The Atlanta Field Office of the Federal Bureau of Investigation (“FBI” or “Bureau”) opened an investigation of Parker upon receiving a request for assistance from the Douglas County Sheriff’s Department and the Georgia Bureau of Investigation in locating eleven-year-old Christine Ann Griffith after local authorities unsuccessfully searched for her for three days following her disappearance in Douglas-ville, Georgia. Parker soon became a tar *377 get of FBI, State, and local investigations. The FBI participated in interrogations of Parker, interviewed other persons about Parker, and administered a polygraph examination to Parker at its Atlanta Office. See Parker v. State, 256 Ga. 543, 350 S.E.2d 570, 571-72 (1986), cert. denied, 480 U.S. 940, 107 S.Ct. 1592, 94 L.Ed.2d 781 (1987). Based on their investigations, the FBL and local law enforcement personnel identified Parker as the person who kidnapped, raped, and brutally murdered the child. Consequently, Parker was charged, tried, and convicted for his crimes, and sentenced to death in November of 1984. On appeal, the Georgia Supreme Court overturned Parker’s rape conviction, but upheld his murder conviction and death sentence. Parker v. State, 255 Ga. 167, 336 S.E.2d 242 (1985), cert. denied, 480 U.S. 940, 107 S.Ct. 1592, 94 L.Ed.2d 781 reh. denied, 481 U.S. 1060, 107 S.Ct. 2206, 95 L.Ed.2d 861 (1987). After exhausting direct appeals of the murder conviction and death sentence, Parker petitioned for a writ of habeas corpus, which is currently pending before the Superior Court of Butts County, Georgia.- See Parker v. Zant, Civil Action - No. 87-V-1075 (Ga.Super.Ct., Butts Co.).

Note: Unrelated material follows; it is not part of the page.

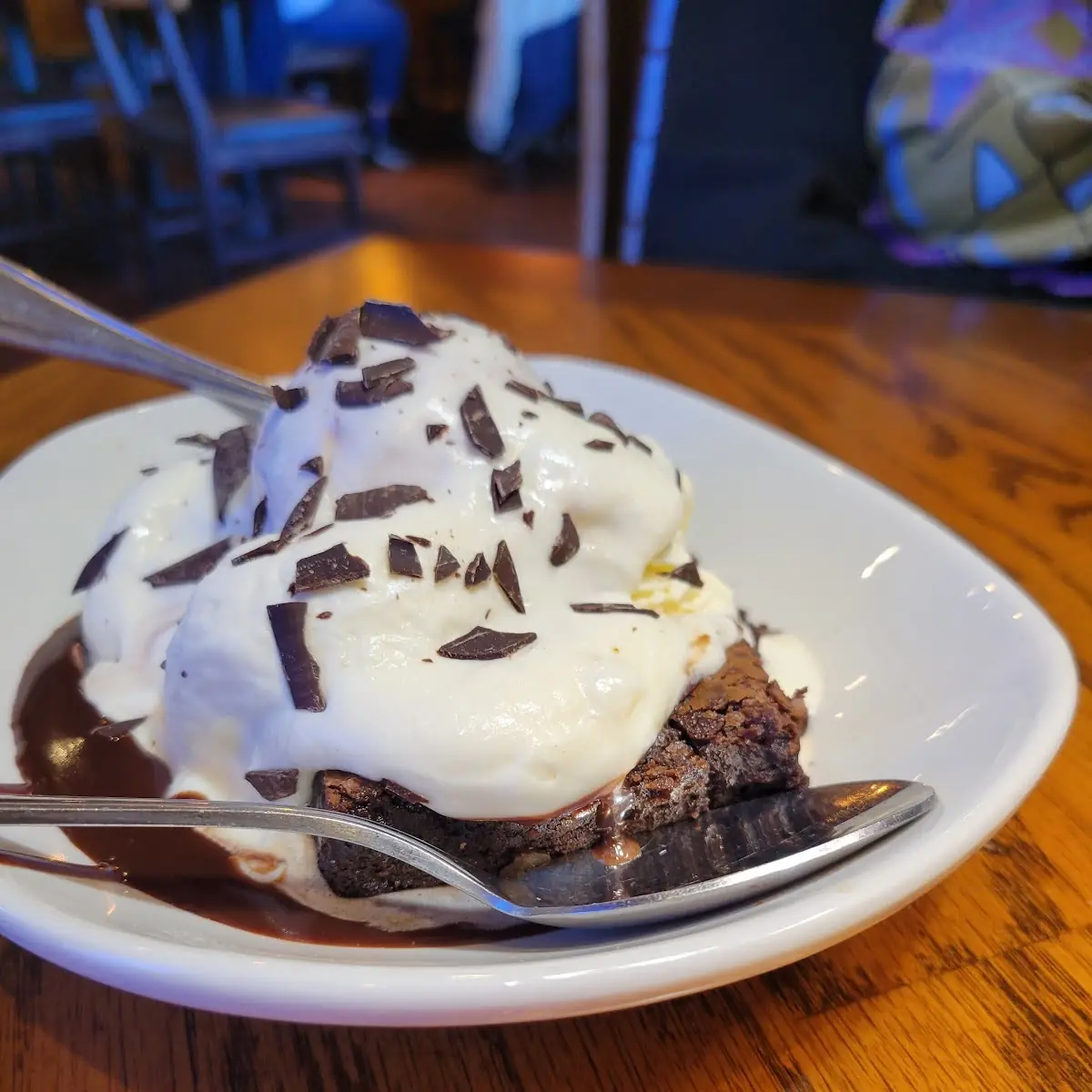 Chocolate Thunder from Down Under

On October 2, 1987, Parker requested access to any records pertaining to the investigation of himself or investigations relating to Christine Ann Griffith maintained by either the FBI Headquarters in Washington, DC, or its Atlanta Field Office pursuant to FOIA. Parker seeks access under FOIA to the FBI information to assist him in his claims pending in the State habeas corpus proceeding.

In response to Parker’s FOIA request, the FBI located 374 pages of information, but released only 104 pages of redacted documents. The FBI denied Parker access to the remaining 270 pages of material on the basis of Exemptions 7(C), 7(D), and 7(E) of FOIA, 5 U.S.C. § 552(b)(7)(C) (protects against unwarranted invasion of personal privacy), (7)(D) (protects confidential source or information), and (7)(E) (safeguards investigative techniques and procedures). Parker sought access to the balance of the material, exhausted all administrative remedies, and then filed this FOIA action in the District Court on March 21, 1988.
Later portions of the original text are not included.